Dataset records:
:::

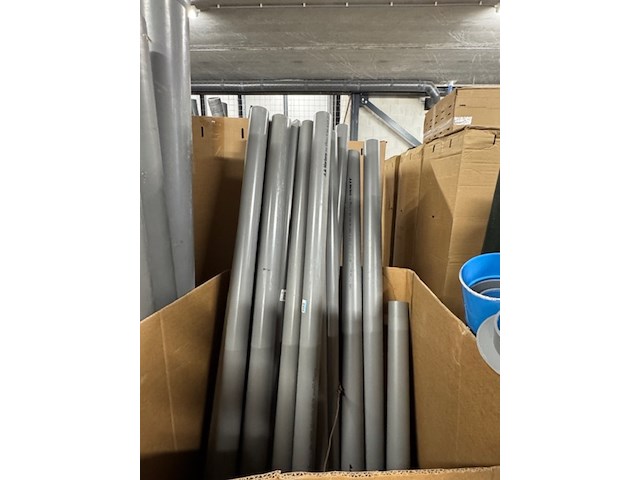 6x doos pvc buizen, geberit, martens en wavin - afbeelding 5 van  9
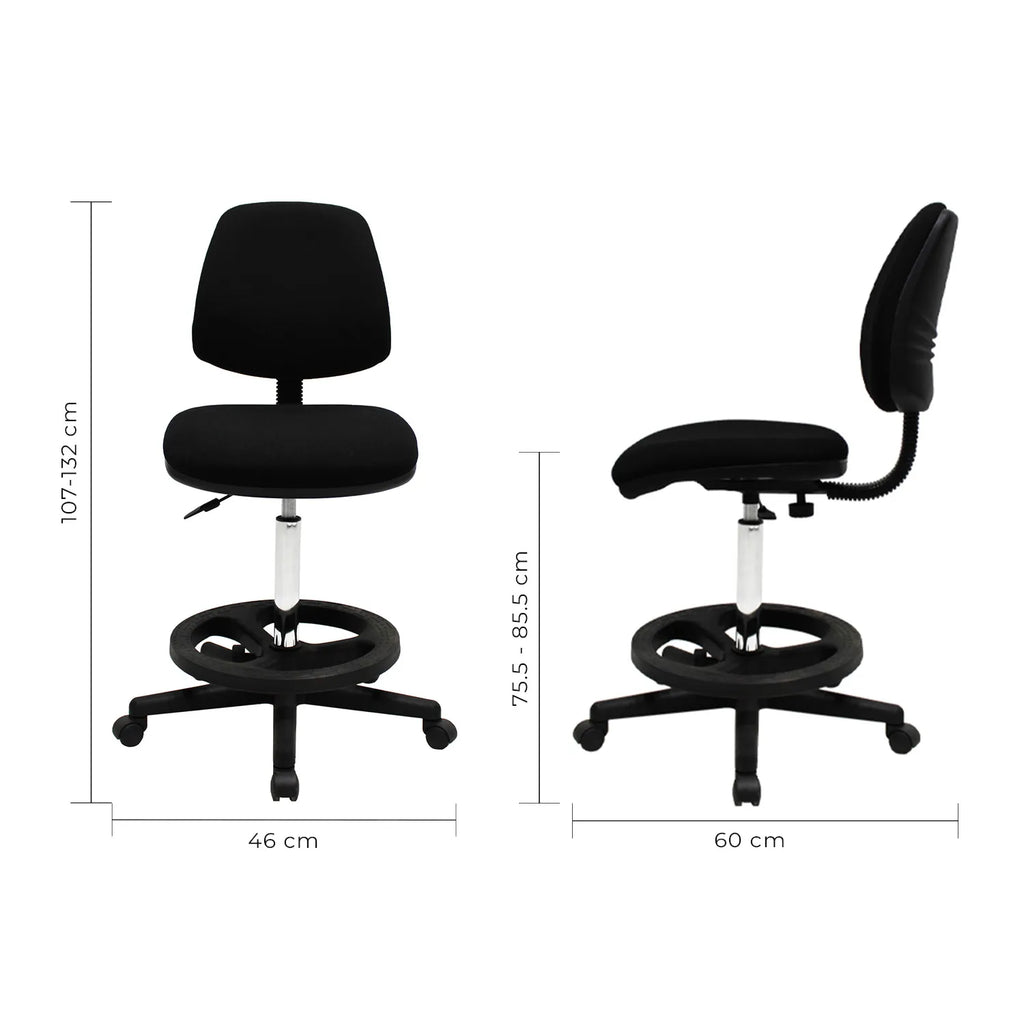 Silla Ejecutiiva Alta Cajero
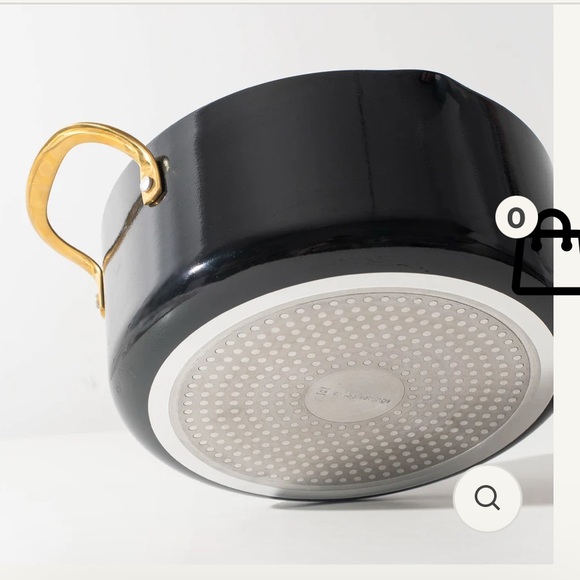 Elegant Black and Gold Cookware Set - Picture 2 of 4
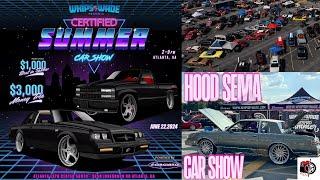 Whips By Wade Certified Summer Car Show 2024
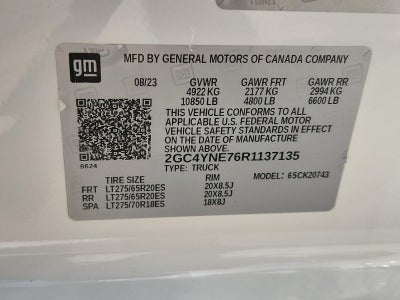 2024 Chevrolet Silverado 2500Hd LT
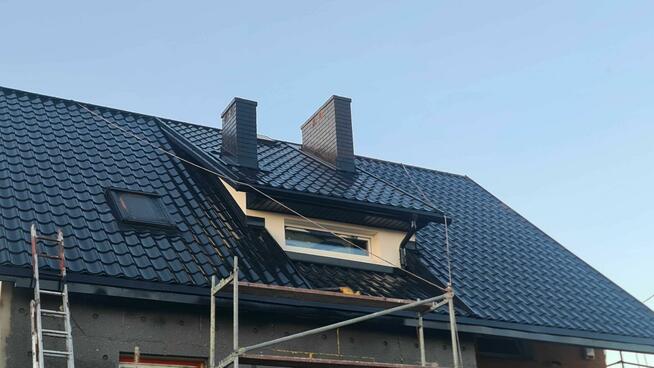 Malowanie dachów, mycie dachów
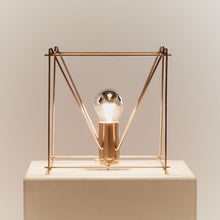 Load image into Gallery viewer, Le Cube table lamp by Max Sauze
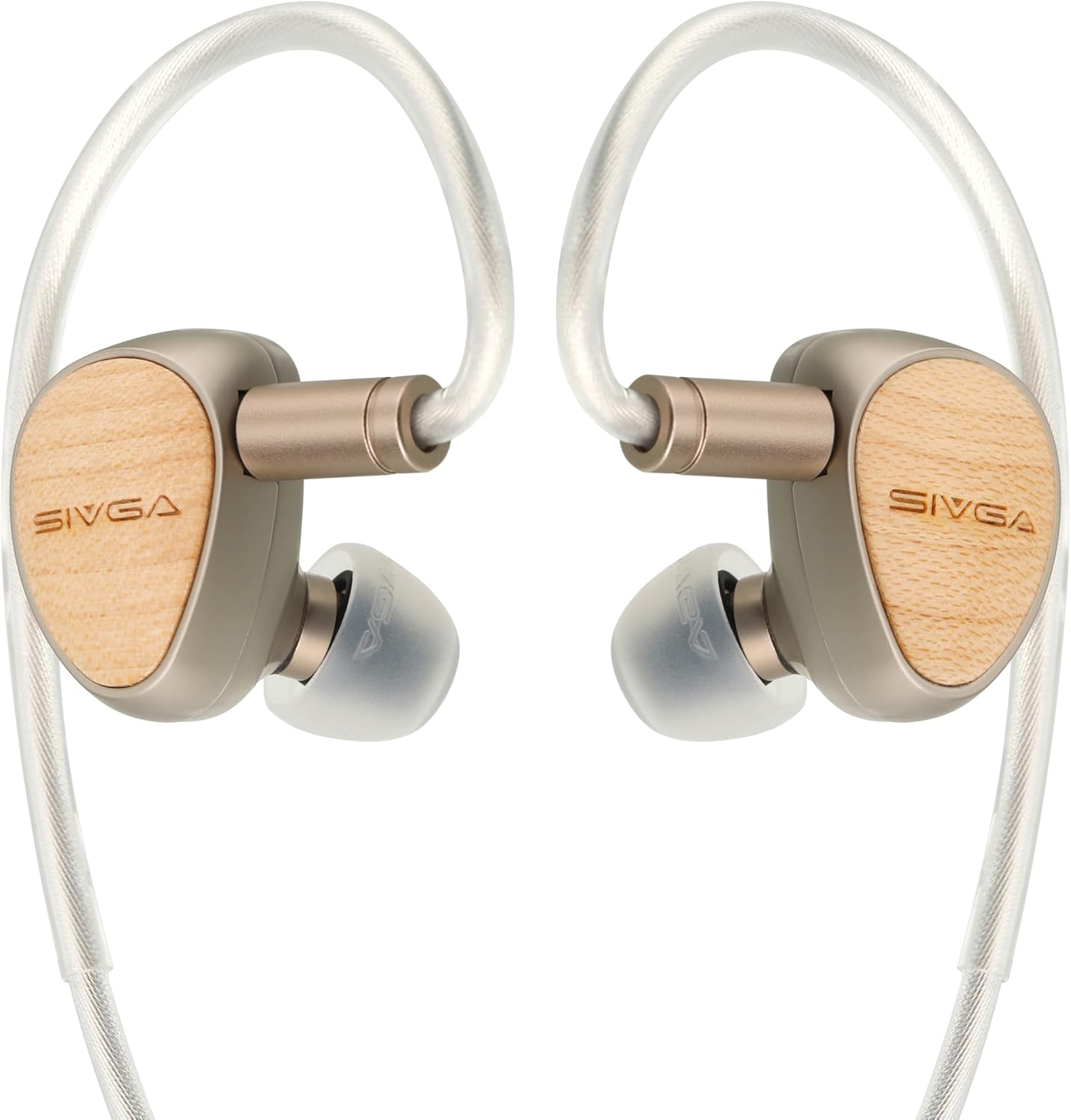 SIVGA Que Wired Earbuds with 10mm Beryllium Dynamic Driver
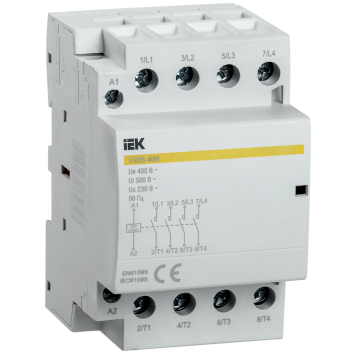 Контактор модульный КМ25-40М AC/DC IEK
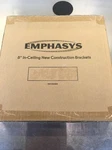 Emphasys 8" In-ceiling New Construction Brackets EM0003800 1 Pair. Fixed Price $9.00.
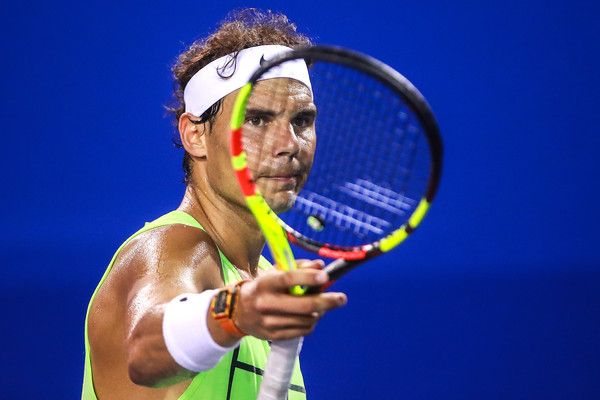 Rafael Nadal classe 1986, n.2 del mondo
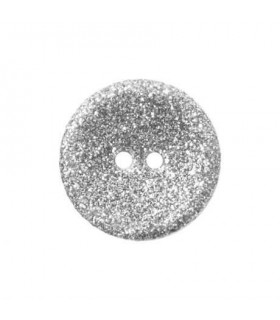 Bouton nacre river shell - 18mm ARGENTE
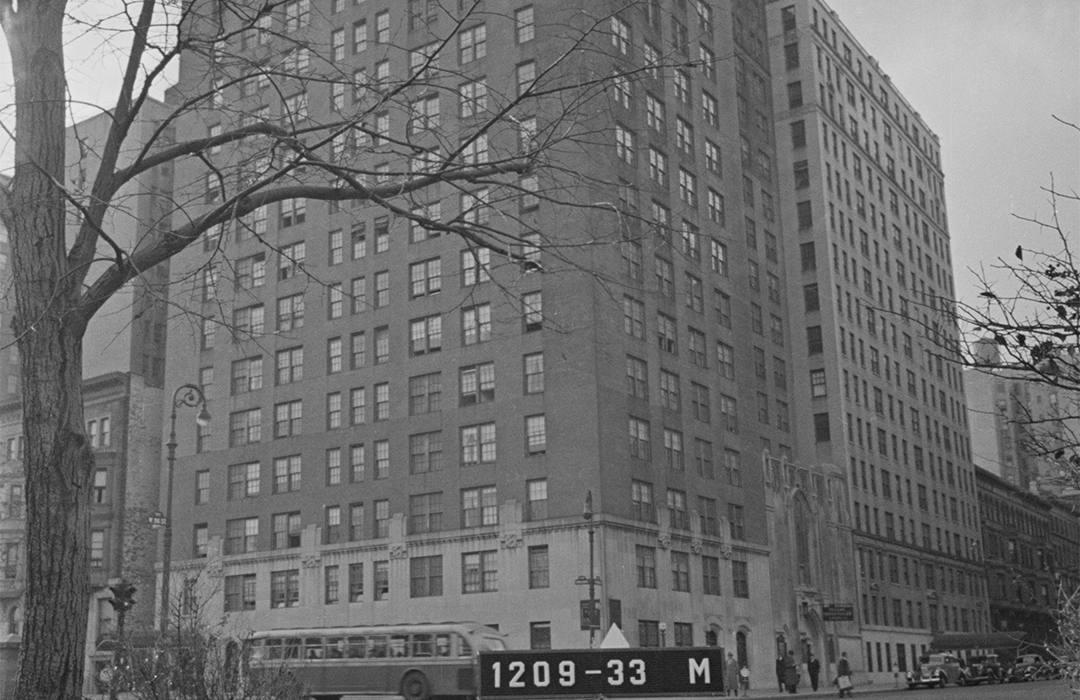 B&W NYC Tax Photo of 2-10 West 96th Street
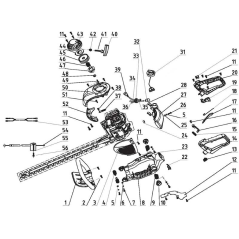 Levier de verrouillage AGR2452160 ORIGINAL MGF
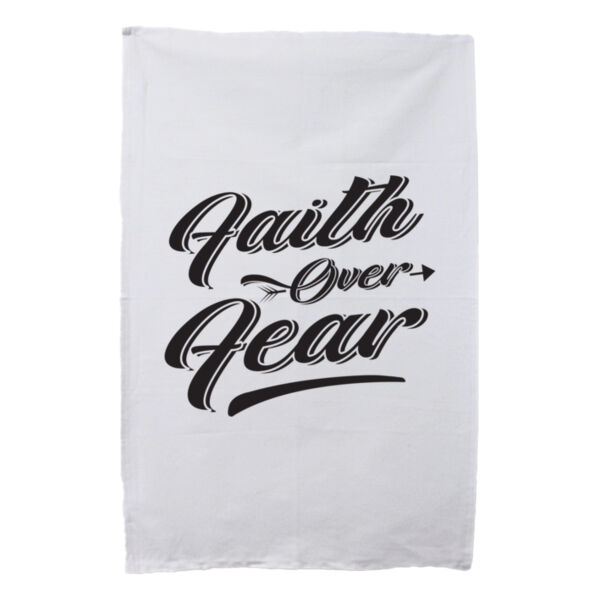 Faith Over Fear - Tea Towel Thumbnail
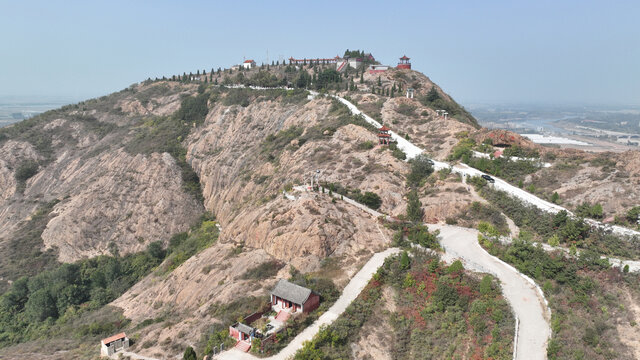 峡山水库大堤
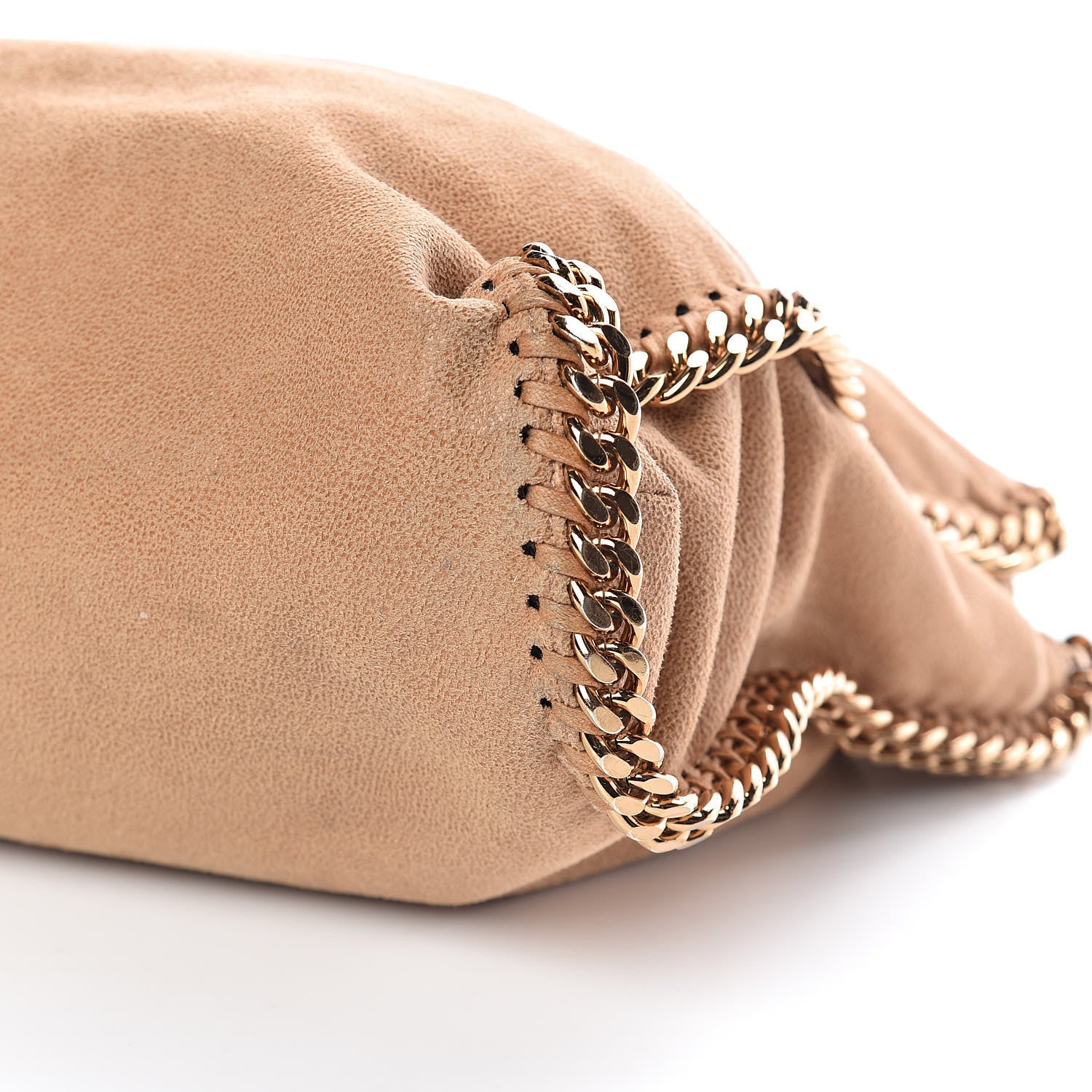 Stella McCartney Shaggy Deer Small Falabella Tote Tan 8 of 11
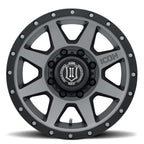 Rebound HD 18 X 9 Titanium, ICON Alloys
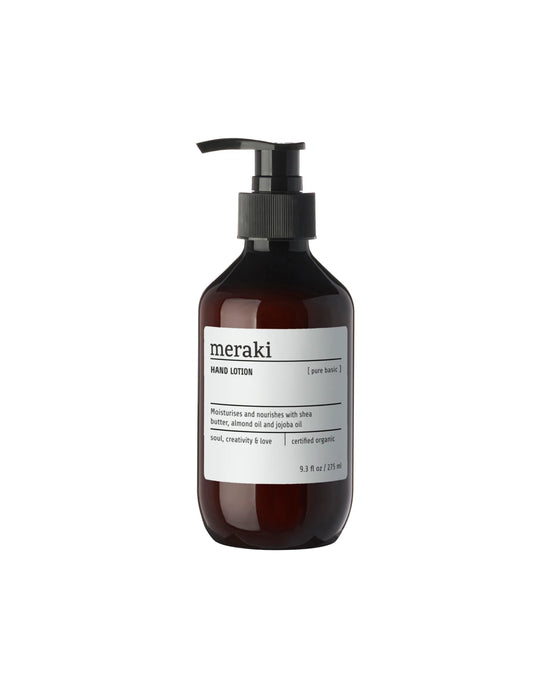 Hand lotion, Pure Basic, 275 ml
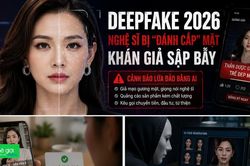 Deepfake 2026: Đ&aacute;nh cắp mặt nghệ sĩ, kh&aacute;n giả sập bẫy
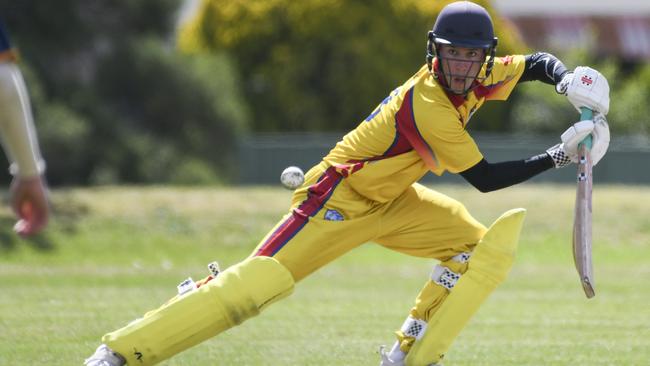 Angus Campbell is one to watch with the bat for Greater Illawarra. Picture: NCA NewsWire / Martin Ollman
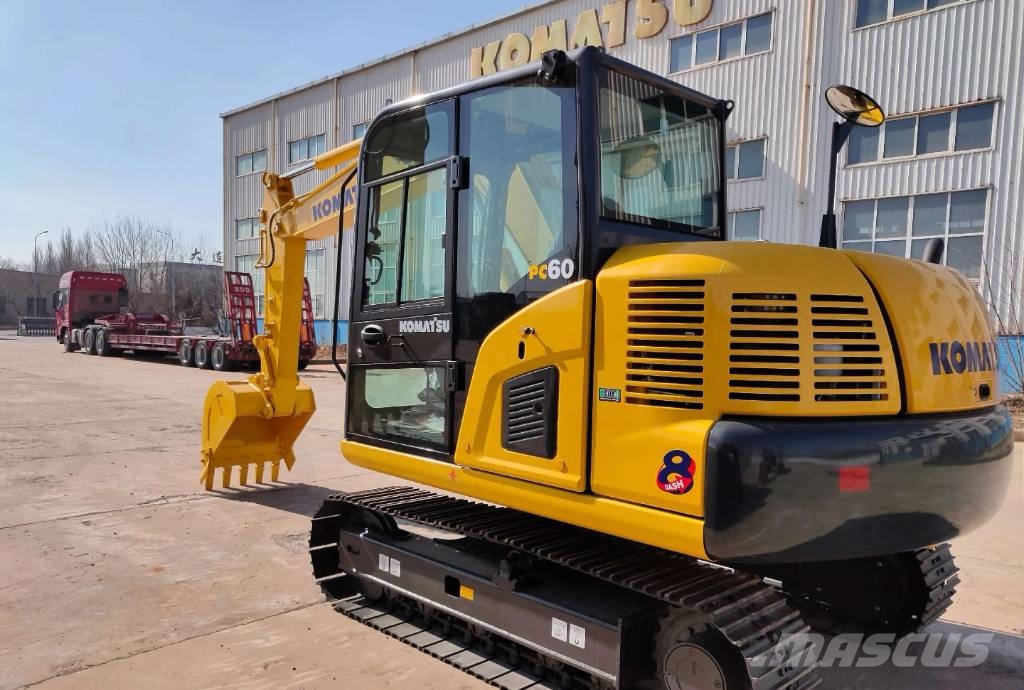 Komatsu PC 60 Minibagger < 7t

:::

What you should do: The answer consists solely of the lines from the one holding "Hand lotion, Pure Basic, 275 ml" through the last line of the entries above, set down verbatim, without any pictures.

Response below:
 Hand lotion, Pure Basic, 275 ml
 Deepfake 2026: Đ&aacute;nh cắp mặt nghệ sĩ, kh&aacute;n giả sập bẫy
 Angus Campbell is one to watch with the bat for Greater Illawarra. Picture: NCA NewsWire / Martin Ollman
 Komatsu PC 60 Minibagger < 7t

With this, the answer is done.